From indications given by Philip Emanuel, it would seem that in these matters he was deliberately behind his time. He bemoans that the well-known marks in clavier-pieces were already beginning to be strange, and points to the careful way in which the French had always put in their marks. He delights as a rule in setting up the French as the masters of the clavier-exercise, and is vexed that people had an “evil prejudice” against their pieces, “which yet,” he says, “have always been a good school for clavier-players, forasmuch as this nation, by the smoothness and neatness of its playing, hath marked itself off specially from others.” Philip Emanuel’s love for the French is a very important point to keep in mind in appraising his works. Not only did he find in them the only great precedents for his “galant” style; he has also expressly continued the method of Couperin and Rameau by transcriptions, in the French manner and the French language. Nay, his endeavour, in his sonatas and rondos, to construct stiffer forms with reprises, appears as a mere continuation of the French rondo; and, however Italian the musical form may be, in more than one of his pieces, we inevitably think of the “Cyclopes” of Rameau. Possibly his whole book was suggested by Couperin’s “L’Art de toucher le clavecin,” and respect for this French tradition has hindered him from revolutionising the “manieren,” which still had their justification in France, so thoroughly as he did revolutionise the finger-exercise. It is thus very amusing to see how he himself challenges comparison with Couperin. He calls him “a teacher formerly so profound,” referring of course to the “manieren.” The “formerly,” of course, implies that Couperin had not yet learnt the thumb method, and had been too fond of changing the fingers on one note. In point of ornamentation it was he that was conventional; and in point of fingering—why, old Sebastian, lately dead, stood between him and Couperin.
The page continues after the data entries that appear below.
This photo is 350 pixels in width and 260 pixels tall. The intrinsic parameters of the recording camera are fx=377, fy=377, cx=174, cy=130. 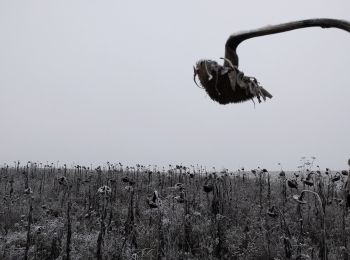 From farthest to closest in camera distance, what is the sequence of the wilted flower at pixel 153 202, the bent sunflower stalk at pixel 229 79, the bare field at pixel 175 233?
the bare field at pixel 175 233 → the wilted flower at pixel 153 202 → the bent sunflower stalk at pixel 229 79

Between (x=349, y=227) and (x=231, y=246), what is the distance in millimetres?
3226

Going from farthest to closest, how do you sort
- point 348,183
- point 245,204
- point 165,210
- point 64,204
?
1. point 64,204
2. point 245,204
3. point 165,210
4. point 348,183

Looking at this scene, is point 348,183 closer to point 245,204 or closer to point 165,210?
point 165,210

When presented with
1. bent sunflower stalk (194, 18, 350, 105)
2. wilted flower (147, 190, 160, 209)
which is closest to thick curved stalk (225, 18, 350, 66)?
bent sunflower stalk (194, 18, 350, 105)

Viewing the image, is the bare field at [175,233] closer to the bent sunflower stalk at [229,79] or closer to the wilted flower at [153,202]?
the wilted flower at [153,202]

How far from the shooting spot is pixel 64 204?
11477 mm

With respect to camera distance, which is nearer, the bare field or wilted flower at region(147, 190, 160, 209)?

“Fantasia-making without strict tempo,” says Philip Emanuel in one place of the Essay, “seems in the main to be specially adapted for the expression of the emotions, because every kind of barring brings with it a certain constraint.” In this verdict and in its application lies for us to-day, viewed externally, the greatest surprise which Philip Emanuel offers us. He has, as a matter of fact, written many fantasias which are almost designed without bars, and thus very logically give expression to the character of improvisation which they bear. They are great recitatives full of reflective melodies, of linked staccati, of sounding broken chords, which the player, when moved, knows how to unfold. They were the last free specimens of the unfettered forms of the older time.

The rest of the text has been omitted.